Donald Eugene Gillis (June 17, 1912 – January 10, 1978) was an American composer, conductor, teacher, and radio producer. The composition that has gained him most recognition is his orchestral Symphony No. 5½, A Symphony for Fun.

==Biography==
Gillis was born in Cameron, Missouri. His family moved to Fort Worth, Texas, and he studied at Texas Christian University, playing trombone and acting as assistant director of the university band. He graduated in 1935, and obtained a master's degree from North Texas State University in 1943.

He became production director for the radio station WBAP, later moving to NBC where he became producer for the NBC Symphony Orchestra during the tenure of its conductor Arturo Toscanini. He held several teaching posts at academic institutions in the southern United States during his career, and also helped to found the Symphony of the Air orchestra. Gillis produced several NBC radio programs, including Serenade to America and NBC Concert Hour. After Toscanini retired in 1954, Gillis, serving as president of the Symphony Foundation of America, was instrumental in helping to form the Symphony of the Air, using members of the old NBC Symphony. Gillis also produced the radio program Toscanini: The Man Behind the Legend, which ran for several years on NBC after the Italian conductor's death.

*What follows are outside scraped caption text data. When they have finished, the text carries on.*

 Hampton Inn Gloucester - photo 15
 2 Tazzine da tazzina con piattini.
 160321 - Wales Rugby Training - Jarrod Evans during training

In 1973 he joined the faculty of the University of South Carolina where he founded, and was chairman of, the Institute for Media Arts and was instrumental in establishing the Instructional Services Center. Dr. Gillis also served as USC's composer-in-residence until his death.

He died in Columbia, South Carolina, on January 10, 1978. His papers and an extensive collection of recorded material are housed at the University of North Texas in Denton.

==Music==
Despite his administrative responsibilities, Gillis was a prolific composer, writing ten orchestral symphonies, tone poems like Portrait of a Frontier Town, piano concertos, rhapsodies for harp and orchestra, and six string quartets. He also composed a wide variety of band music. Gillis is best remembered as the composer of his Symphony No. 5½, A Symphony for Fun, originally performed by Arturo Toscanini and the NBC Symphony Orchestra during a September 21, 1947, broadcast concert that Gillis also produced; it was preserved on transcription discs but not commercially issued. Since 2005, his symphonies have been recorded on the Albany Records label.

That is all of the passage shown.